Посредственности поют и играют, им рукоплещут, их благодарят, но денег им не платят. Они спохватываются и, чтобы вознаградить себя за бескорыстные триумфы, решают устроить свой бенефис. Они изготовляют великолепные билеты и рассылают их хозяйкам салонов, которые намеревались покровительствовать их талантам бесплатно. Хозяйки салонов, верные первоначальному намерению эксплуатировать музыкантов, не тратя денег, в свой черед распространяют эти билеты среди юношей из своего окружения… именно эти несчастные и платят в результате за ту музыку, которую однажды уже с трудом дослушали до конца бесплатно. Разве эту систему музыкальной экономии, держащуюся на потреблении против воли, не следует признать гениальным изобретением?[446]
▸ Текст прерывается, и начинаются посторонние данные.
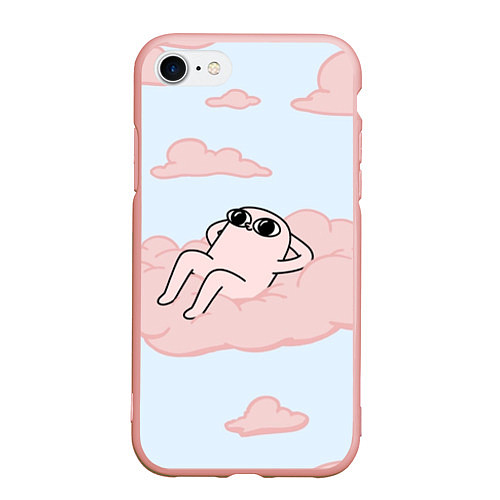 Чехол iPhone 7/8 матовый Мем / 3D-Светло-розовый – фото 1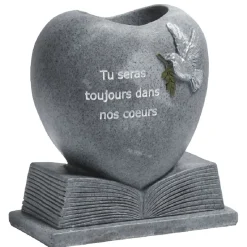 Vase funéraire en forme de coeur < Gifi Best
Право, свет впал в детство, и мании его отличаются удивительным простодушием: у нас получили право гражданства все смешные глупости англичан и немцев, русских, испанцев и неаполитанцев. В домах, где взяты на вооружение мании английские, обед подают без хлеба, а того, кто имеет неосторожность его спросить, поднимают на смех; там, где царят манеры немецкие, танцуют только вальс в два па и поднимают на смех того, кто пытается танцевать его на старинный манер[447]; там, где царствуют русские манеры, вас потчуют только фруктами и цветами, а если вы оглядываетесь в поисках жаркого, вас поднимают на смех, — и так повсюду.
В одном доме предмет гордости — столовое серебро, зато ножи из слоновой кости здесь под запретом. В другом доме гордятся хрусталем. Для каждого вина здесь особый бокал, зато не для всякого бокала хватает вина.
В одном прекрасном особняке обои — просто загляденье, зато чувствуется острый недостаток в стульях.
В другом особняке целых три калорифера, но их не зажигают, так что вместо тепла из этих коварных устройств вырывается холодный воздух.
Одна хозяйка дома гордится тем, что принимает у себя только денди и причудниц; потому гости ее чувствуют себя обязанными говорить исключительно об упряжи и коже, о медных пряжках и модных ливреях, о помпонах, кружевах и брильянтах — все для того, чтобы доказать свою принадлежность к элегантному миру. — Брильянты госпожи Такой-то просто великолепны. — Да, но мне больше нравятся брильянты княгини де… — Нет-нет, не могу согласиться; у них оправа слишком тяжела. — А видели вы новую диадему маленькой госпожи Р…? — Да, превосходная. — Разве что издали, а посмотреть поближе, так ясно, что подделка. — Ах, милочка, какая у вас прелестная брошка. — О, эта как раз из не самых прелестных; у меня ведь их целых восемнадцать штук.